As to the charges that the material contained in the email was unrelated to the course, Robinson responded: “How in the world the invasion of Gaza in January is unrelated to a course on global affairs in the same month is absolutely beyond my comprehension!”
The UCSB catalogue describes the course as a “[s]urvey of the principal theories and debates in globalization studies, with a focus on economic, political and cultural transnational processes.” According to this description, the military occupation of one sovereign territory by another is clearly highly relevant to such a course.
“On March 9,” Robinson pointed out, “Abraham Foxman, the president of the ADL convenes a meeting on the campus of the University of California Santa Barbara with about ten faculty members and two deans. Some people at the meeting assume the purpose of the meeting was to search for a chair of the Jewish Studies program, but when the meeting starts, Foxman announces that the only thing on his agenda is the demand that I be prosecuted.
“On March 25 the university announces it is opening up a formal inquiry, a formal investigation of me and bringing me up on charges of possible violation of the faculty code of conduct. What is going on here is a tremendous assault on academic freedom; an assault in which the community has been complicit, and an assault which has been orchestrated from outside the university by the Israel lobby.
“What became clear is that the entire grievance process had been orchestrated from the outside by the Israel lobby. This is part of a more systematic campaign. The Israel lobby goes after anyone and everyone that criticizes the state of Israel.
“What is particularly egregious in this case,” says Robinson, “is that the University of California Santa Barbara is undermining academic freedom, bringing shame to the university. Some university officials have been complicit with this attack against me and this attack against academic freedom. We have documented a whole series of procedural irregularities.”

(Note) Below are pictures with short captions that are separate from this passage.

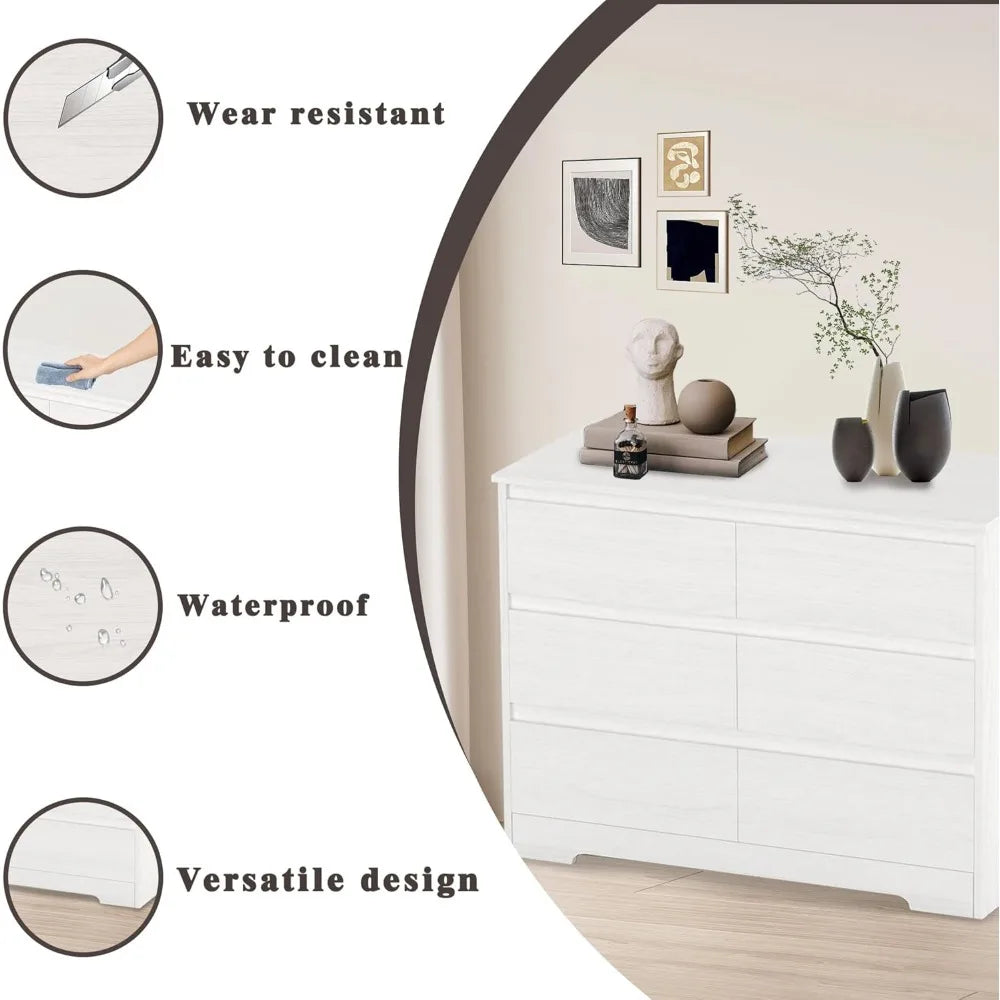 MKDK 3-Piece Bedroom Set With Dresser And Nightstands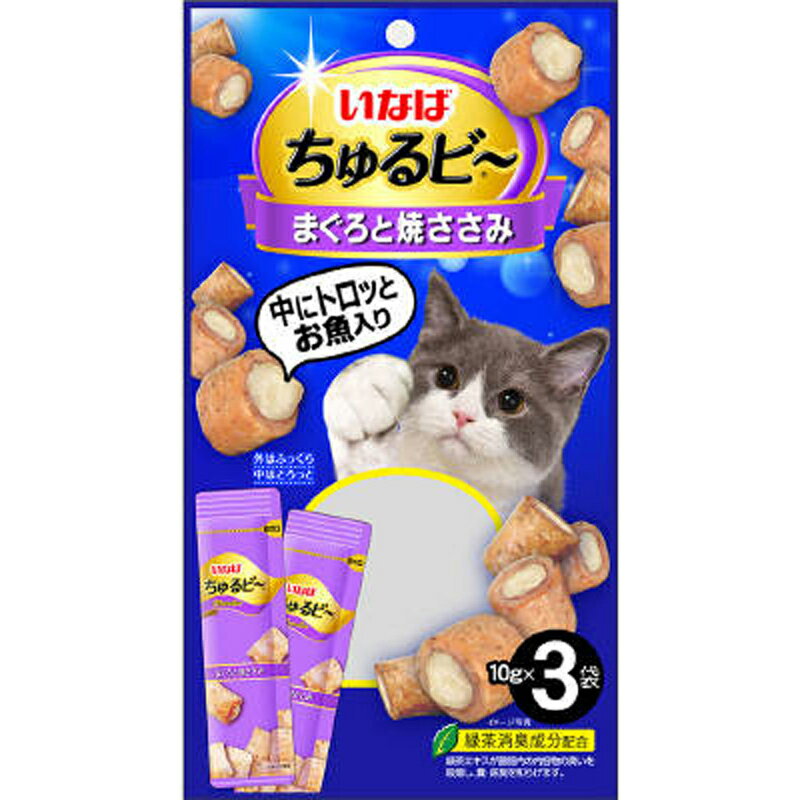 いなば　ちゅるビー　まぐろと焼ささみ　3袋 ペット おやつ（猫） ジャーキー ビバホーム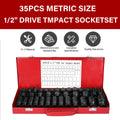 35-Piece 1/2" Drive Deep Impact Socket Set, 8–32 mm - image 1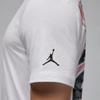 Jordan American Vintage Logo Print Crew Neck T-Shirt With Regular Sleeves Men Tops White FN5989-100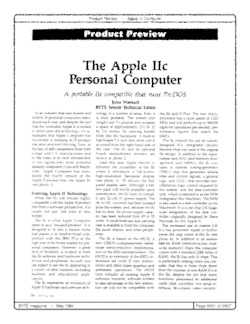 byte-magazine Apple IIc Product Review
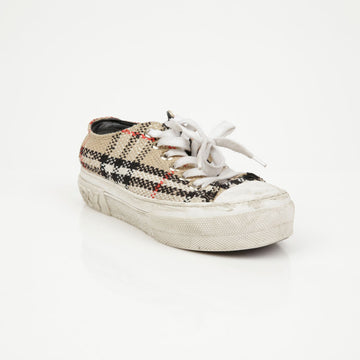BURBERRY ヴィンテージチェックコットンスニーカーアーカイブベージュ 156979485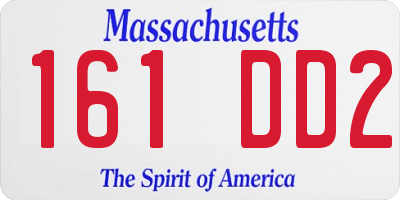 MA license plate 161DD2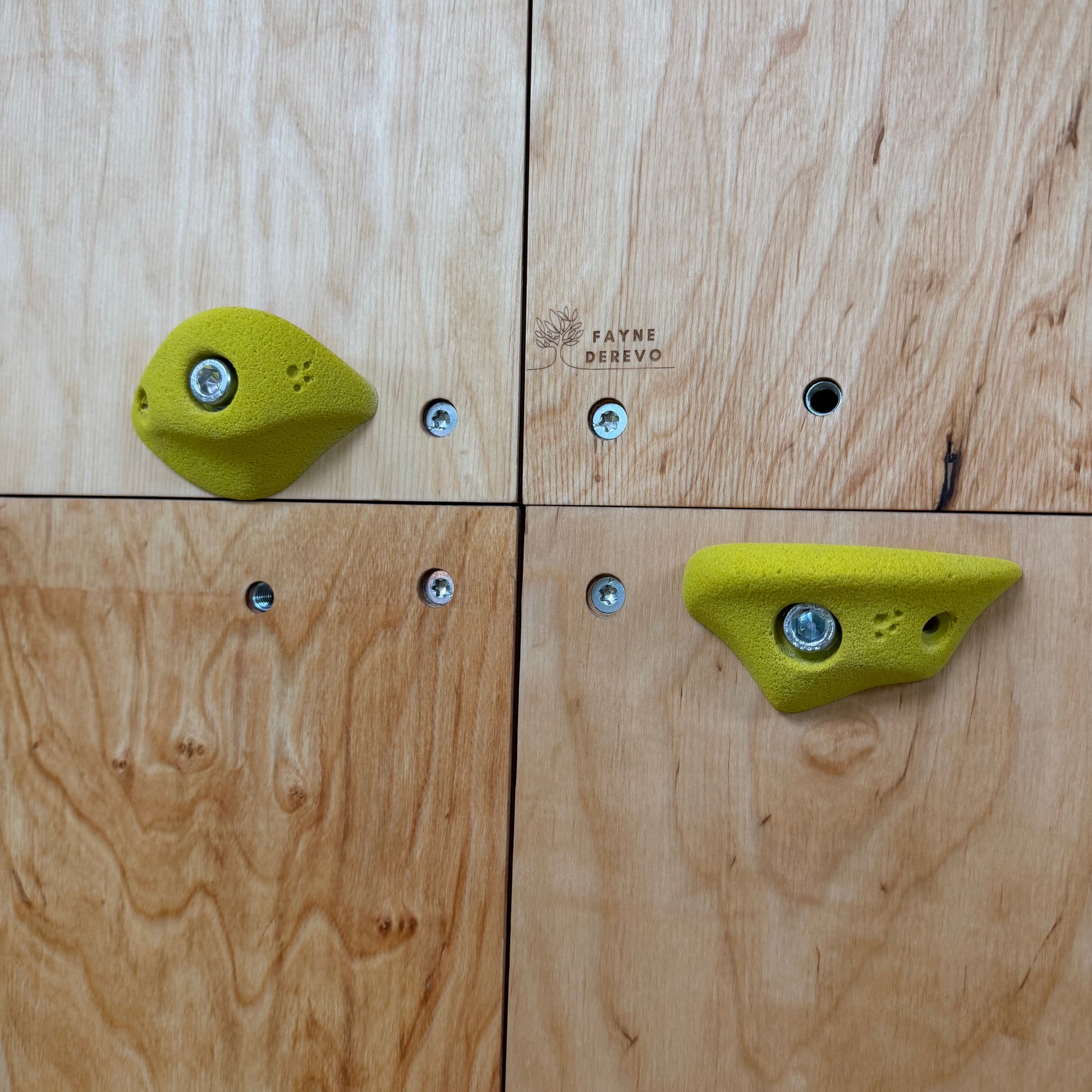 Montessori Climbing Wall for Kids with Holds – Wooden Climbing Wall from Birch Plywood, Finished with Linseed Oil & Beeswax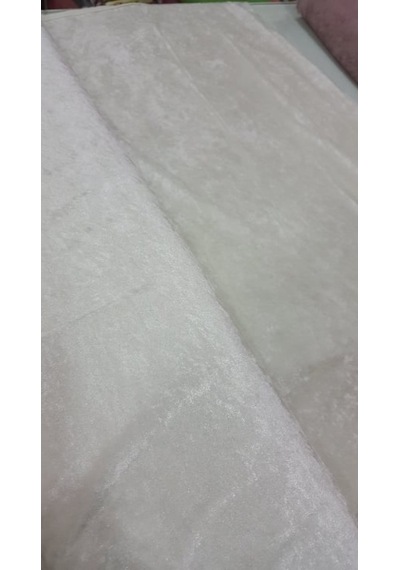 Kadife Likralı Krem Çok Amaçlı Kulanılan Kadife Kumaş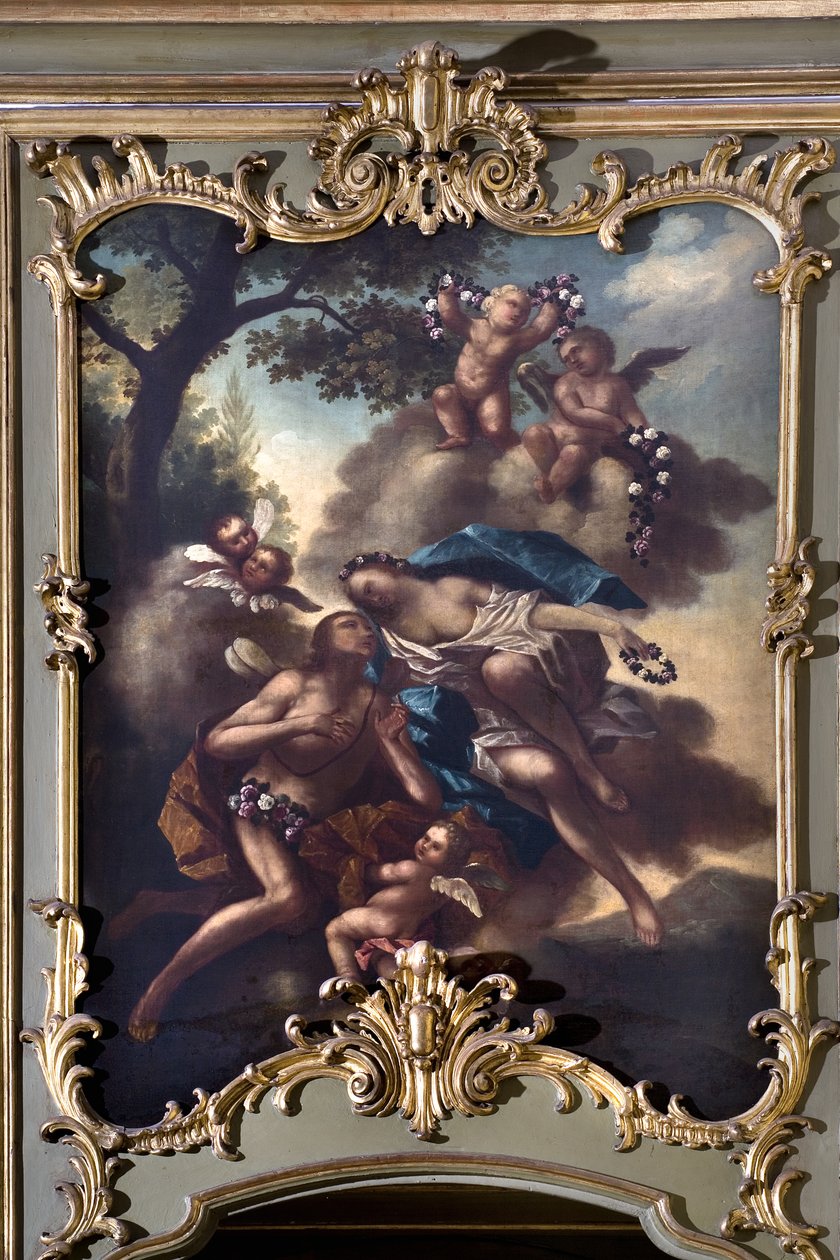 Zephyr and Chloris by Italian School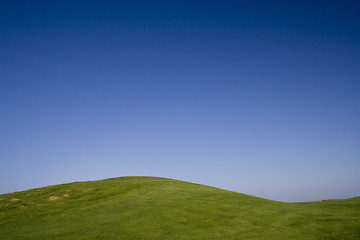 Image showing The beauthy of blue and green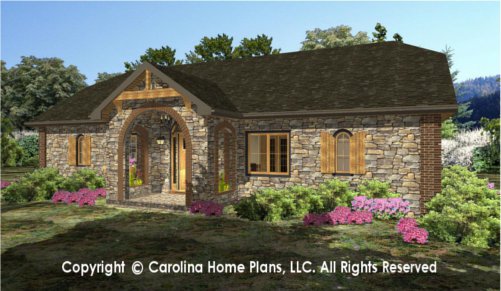 SG-1576 Sophisticated Rustic House Plan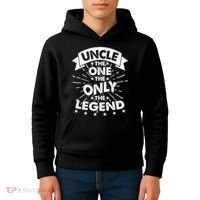 Uncle The One The Only The Legend Kids Hoodie thumb 4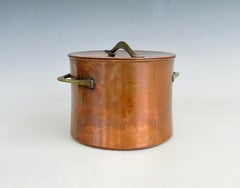 Jens Quistgaard JHQ copper ice bucket with porcelain insert for Dansk Denmark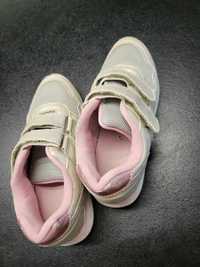 Buty 32 dziewczynka szaro -różowe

Professor Robinson has received strong support from students and professors on the campus, as well as concerned members of the local community. A group of students created the Committee To Defend Academic Freedom at UCSB and launched a Web site documenting up-to-date details of the Robinson case and mobilizing resources to counter the pro-Israeli forces. “Students on the campus, graduates and undergraduates, when they heard of this, became enraged,” says Robinson. “They feel that the integrity of their own education is under threat.”
A forum to discuss academic freedom originally scheduled to take place on the campus of UCSB on May 7 was put off until May 21 to make arrangements to accommodate a larger audience due to the amount of popular interest over the Robinson case within the Santa Barbara community.